Last week, the institutional investor challenging statements of financial viability made by Bumble Inc. leading up to the company’s September 2021 secondary public offering (SPO) filed an amended securities complaint. The class action leveled accusations at not only Bumble’s CEO and co-founder Whitney Wolfe Herd and CFO, but also the investment fund who owns a controlling stake of the company, Blackstone Inc., its directors, and more than 20 underwriting firms who sponsored the SPO.
The suit explained that following accusations of a misogynistic culture at London, England-headquartered Bumble, co-founder and Russian billionaire Audrey Andreev sold out to Blackstone for $2 billion in January 2020.

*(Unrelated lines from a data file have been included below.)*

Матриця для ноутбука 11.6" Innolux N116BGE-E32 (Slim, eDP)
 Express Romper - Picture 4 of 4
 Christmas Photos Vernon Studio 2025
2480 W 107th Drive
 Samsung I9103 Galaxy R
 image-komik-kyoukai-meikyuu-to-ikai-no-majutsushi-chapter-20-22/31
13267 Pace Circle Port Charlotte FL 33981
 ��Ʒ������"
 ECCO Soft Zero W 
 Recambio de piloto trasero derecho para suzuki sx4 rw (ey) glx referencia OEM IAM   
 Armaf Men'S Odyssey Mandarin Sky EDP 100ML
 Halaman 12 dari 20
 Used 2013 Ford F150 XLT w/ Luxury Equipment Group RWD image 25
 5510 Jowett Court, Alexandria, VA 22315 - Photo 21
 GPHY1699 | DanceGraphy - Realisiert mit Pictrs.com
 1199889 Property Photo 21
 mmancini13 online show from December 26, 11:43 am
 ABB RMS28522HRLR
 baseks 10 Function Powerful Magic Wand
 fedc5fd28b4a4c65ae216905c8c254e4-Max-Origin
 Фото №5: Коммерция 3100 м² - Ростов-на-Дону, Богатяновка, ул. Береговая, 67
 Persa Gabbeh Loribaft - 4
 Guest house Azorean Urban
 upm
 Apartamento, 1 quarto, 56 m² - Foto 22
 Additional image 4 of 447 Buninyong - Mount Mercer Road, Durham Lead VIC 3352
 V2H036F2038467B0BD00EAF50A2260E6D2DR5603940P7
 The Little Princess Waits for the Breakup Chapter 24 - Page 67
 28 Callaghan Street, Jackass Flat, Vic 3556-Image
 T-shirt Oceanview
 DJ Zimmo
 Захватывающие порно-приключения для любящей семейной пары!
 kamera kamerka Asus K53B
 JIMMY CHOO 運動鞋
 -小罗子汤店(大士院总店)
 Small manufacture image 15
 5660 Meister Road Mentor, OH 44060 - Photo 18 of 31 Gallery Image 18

Exercising an option agreed to as part of the terms of Blackstone’s purchase, the defendants launched an SPO which allowed Blackstone to sell millions of Bumble shares, the complaint said. However, the offering, which earned Blackstone over $1.1 billion, was purportedly “based on a misleading story about Bumble’s growth and, in particular, growth in paying users told in materially defective offering documents, including a SPO Registration Statement, Prospectus and other Bumble SEC filings.”
For example, the complaint said that the defendants boasted that Bumble’s “growing” Badoo and Bumble user communities provided it with expectations of a growing paying user base, citing results showing a nearly 25% increase in total paying users over a year. The filing added that the offering documents presented risks to growth “as mere hypothetical possibilities.”
Just shy of two months after the SPO, the truth about Bumble’s vitality emerged, the complaint said. When on Nov. 10, 2021 the third quarter financials revealed declines in the apps’ paying user bases resulting in a decline in revenue, Bumble’s share price fell by more than 24.4% over the next two trading days.
“Investors suffered massive losses,” the complaint contended. On behalf of people or entities who acquired Bumble common stock between Sept. 10, 2021 and Jan. 24, 2022, and who sustained losses, the suit sought relief from federal securities law violations.
Bernstein Litowitz Berger & Grossman LLP has been appointed lead counsel for lead plaintiff Louisiana Sheriffs’ Pension and Relief Fund.
Bumble and its executives are represented by Simpson Thacher & Bartlett LLP.